After last quarter’s brutal results, which saw the worst revenue for Goldman Sachs since Q4 2011, the question about Goldman’s Q2 earnings report was not if it would beat but by how much. Moments ago we got the answer when the company reported Q2 EPS of $3.72, handily beating consensus estimates of $2.68. The reason for the rebound was stronger top-line growth which at $7.93 billion, was the strongest print in one year, if still down 12.5% from a year ago.
The top-line rebound was not uniform however, with revenues from Equities declining once again, down to $1.754 billion from last quarter’s 1.789 billion, while Investment management was roughly flat, at $1.353 billion.
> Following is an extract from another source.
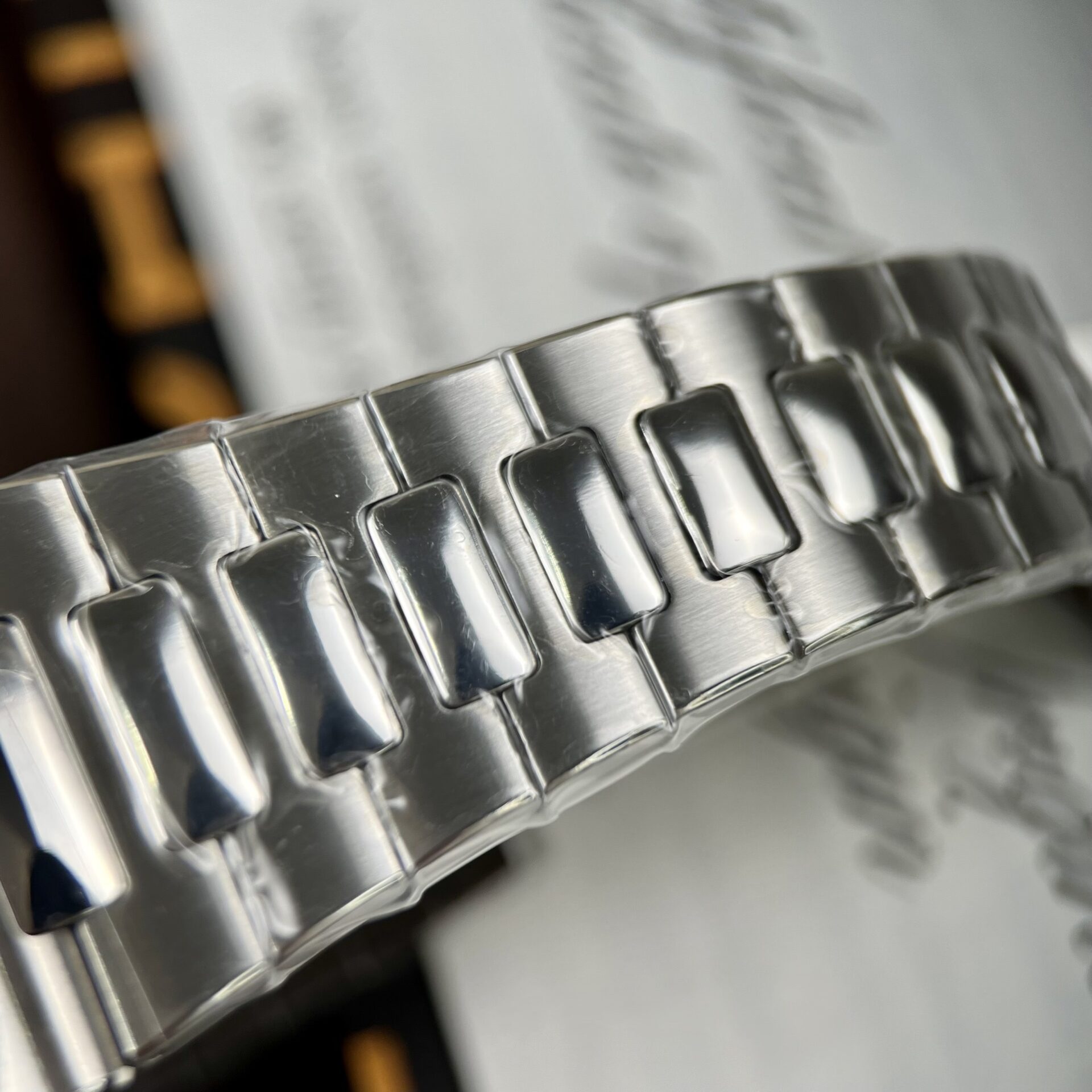 Patek Philippe Nautilus 5712 Replica 1:1 Watch Green Dial ZF 40mm - Soul Replicas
The upside surprise came from investment banking which rose from $1.46 billion to $1.79 billion, as well as FICC, which at $1.93 billion was above the consensus estimate of $1.8 billion, and higher than both Q1 2016 ($1.66BN) and the year-prior print of $1.6 billion. The final wildcard, Goldman’s prop trading group, Investing and Lending, surged to $1.1 billion from just $87 million last quarter if down substantially from the $1.8 billion a year ago.
But while the revenue side was stronger than expected, if still double-digits lower than a year ago, what was perhaps more interesting was the slashing of overhead. According to Goldman, in Q2 it had only 34,800 full time employees, a whopping – for the bank – cut of 1,700 from 36,500 a quarter ago, the biggest monthly drop in employment since the crisis.
Finally, confirming Goldman’s dedication to cost-cutting was the flattish compensation expense, which at $3.3 billion in the quarter, meant that Goldman’s LTM comp provision was $10.4 billion, which as the chart below shows, means that the average employee comp remained flat at the worst level this decade, at just under $300,000. per worker.